The problem is our system doesn't allow us to correct our spelling, once you hit the return key (which is often instinctive) what went before is preserved for prosperity. It's really easy to hit the wrong key and create a completely new word, or hit return mid sentence! Particularly if some one is shouting in your ear.

On top of that, my training lasted a month, most of which is system training. Whilst I'm not a phone monkey, nor am I anywhere near as clinically qualified as road staff. Nor do I have the luxury of pausing mid call to check the spelling of an obscure condition or drug (drugs in particular; people chose strange stuff to O/D on sometimes)

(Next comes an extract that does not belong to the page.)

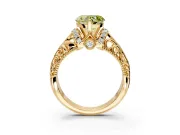Solitaire Engagement Ring Setting for Fancy Yellow Heart-Shaped Center with Filigree Accent Basket and Prong Head in Yellow Gold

So on behalf of call takers every where I'm sorry. I promise we don't do it on purpose, and would correct our mistakes if we could.

NHS Superhero said...

I got a job on the screen that simply said;

"Child can't pass pooh."

All the way to the (category A?!?!) job I smiled to myself with the mental image of a child trying to squeeze out that loveable bear with a soft spot for honey.

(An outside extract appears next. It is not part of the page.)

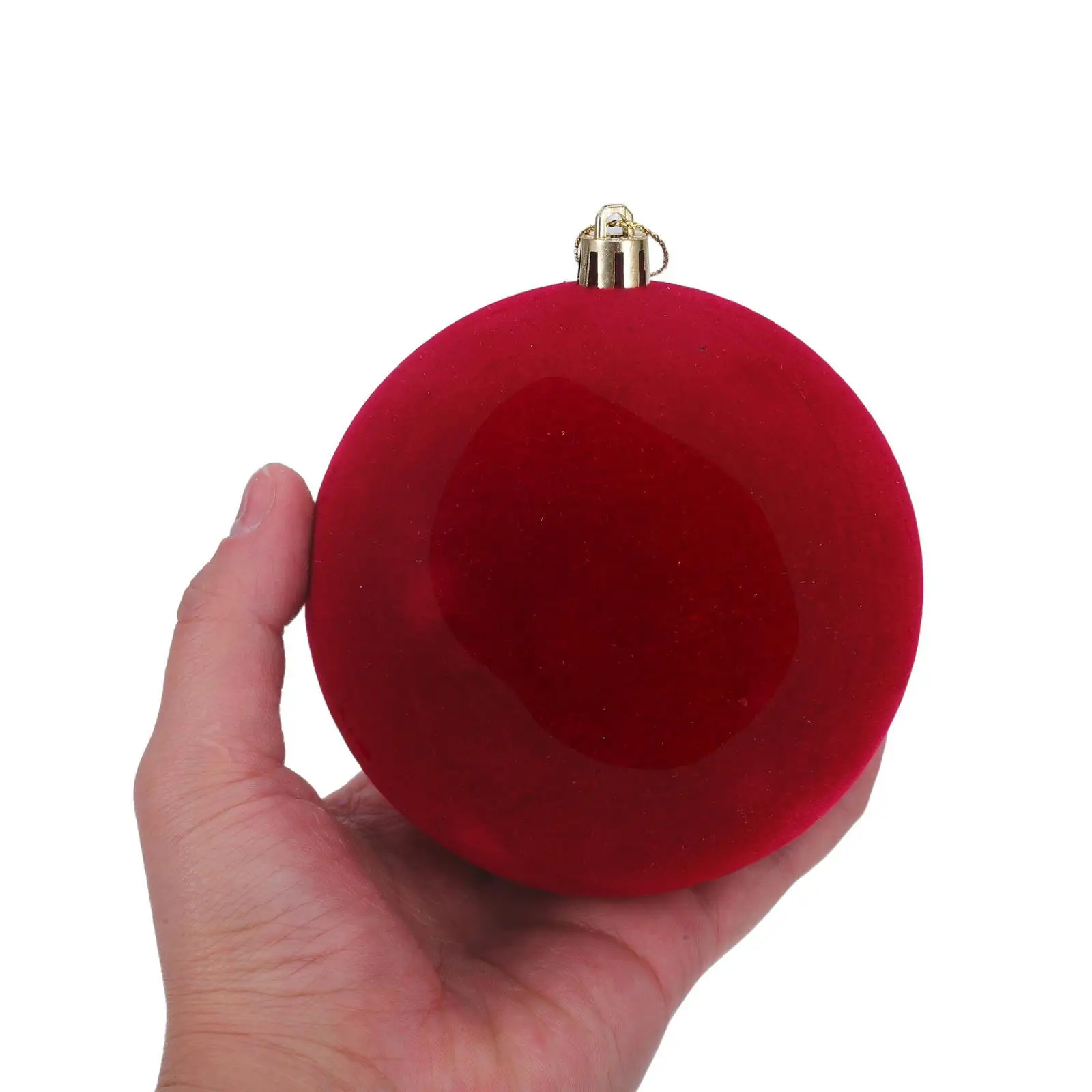 

12Pcs Red Flocked Baubles 4Cm 6Cm 8Cm 10Cm Valentine Day Decorations Holiday Tree Ornaments Festive Hanging Balls for Xmas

Afterwards I thought that maybe we could get the call takers some pocket sized flip pads printed with pictures. Then maybe they could fathom out the difference between Piglet's best friend and a turd?

Anonymous said...

I must admit that I too am a pedant, I berate the call handlers on my shift for appearing to have no concept of medical terms, I often wonder whether they should be allowed out unsupervised. Some of the mistakes have been priceless, but also the callers do not seem to understand the simplest of questions, the best being one I asked a very helpful shopkeeper. I asked if the patient was sweating or changing colour , to which he answered , gods truth on my dogs life....."she is from Croyden"
Nuff said

Anonymous said...

My personal favourite isnt spelling related but it makes me laugh when a pt is listed as consious but not breathing.

InsomniacMedic said...

Ladies and gentlemen, you're all brilliant. Especially those of you who've commented with (obviously intentional) spelling mistakes... :D
Thank you, you've made me smile!!

TopCat said...

my personal fave was 'pt has factured neckofima'

my colleague and i cried all the way to scene.

Katie said...

Oh my! I don't think that I've laughed so much! These are all so hilarious. I'm 16 and hoping to become a Paramedic as a career. I found your blog today and I have to say, I think it is brilliant.

Anonymous said...

My favourite came about a few years ago when we had pagers with 2 lines of text (this is back in the old days before the tetra/airwaves sets):

- 78yo m cant wank

V-Tach said...

Dispatcher once tried to explain how the patient had "chicken-breath".

It was only later after making contact with the RP, that it made sense.

"she-can't-breath"

Anonymous said...

Laughing so hard i can't breathe! Might have to call an ambulance!

E

(Also note my word verification for those comment is "unginger" !!!)